As many readers will be aware, Senators Coons and Hatch recently introduced the Defend Trade Secrets Act, which would create a federal trade secrets law allowing parties aggrieved by the misappropriation of trade secrets (such as former employers!) to bring private actions in federal court.  Right now, former employers seeking to address trade secret misappropriation are governed by state laws, which – in the case of 48 states, some version of the Uniform Trade Secrets Act.

So why the big news in various employer-focused publications if almost all states already have some version of the same law?  One, there are some differences from state to state, so uniformity would be helpful for all parties, and seems logical in our highly interconnected and increasingly digital economy.  Two, the law provides access to federal court, where it can often be advantageous for an employer to litigate such cases.  As a general rule, federal courts are viewed by many as better equipped for litigating complex issues, and being in federal court can make certain procedural hurdles (e.g. obtaining the testimony of out of state witnesses) more manageable.  Again, that’s not always a major factor, we often end up in federal court for other reasons, but it is a potential positive of this law.

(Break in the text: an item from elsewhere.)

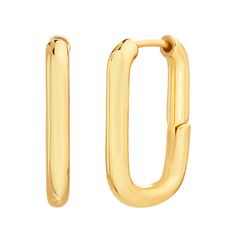 Add a geometric flair to your jewelry collection with these 14k gold over recycled brass Paige Harper rectangular hoop earrings. Add a geometric flair to your jewelry collection with these 14k gold over recycled brass Paige Harper rectangular hoop earrings.  Diameter: 24.5mm Backings: click-it Nickel free Metal: 100% recycled brass Plating: 14k gold Finish: polished Packaging: boxedSUSTAINABILITY FEATURES Contains recycled materials Size: One Size. Color: Multi/None. Gender: unisex. Age Group: a Square Hoop Earrings, Jewelry Earrings Hoops, Office Outfits, Recycled Materials, Gold Finish, Gender Female, Jewelry Collection, Age Group, Gold Tones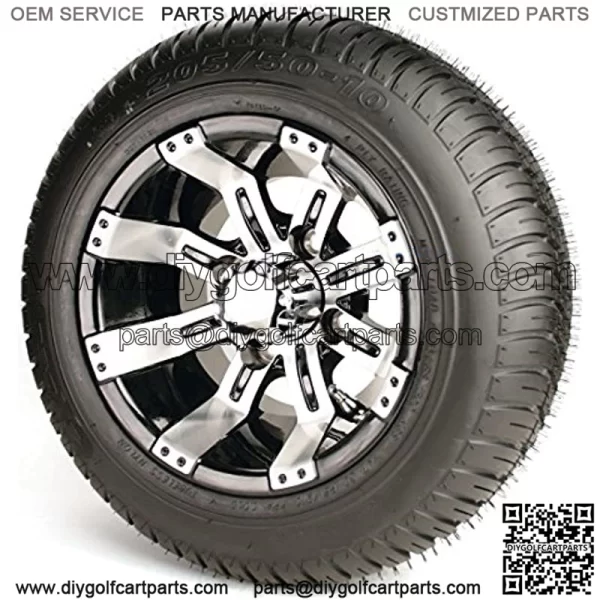 10" Black Wheels and 205/50-10" DOT Golf Cart Tires - Set of 4 - Image 3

The potential impact of a federal trade secrets law, however, pale in comparison to the impact a federal noncompete law could have.  As I have written here many times (such as HERE), noncompete drafting and litigation is largely driven by vastly different state laws.  Lawsuits are often won and lost less by the substance of what actually happened than by who gets to court first so that they can get in their home state to have their home state’s law applied (yes, even if the agreement specifies that another state’s law should be applied).  Does that make sense for anybody?  If this law passes, it will be interesting to see if there is any movement to get some more uniformity among noncompete laws.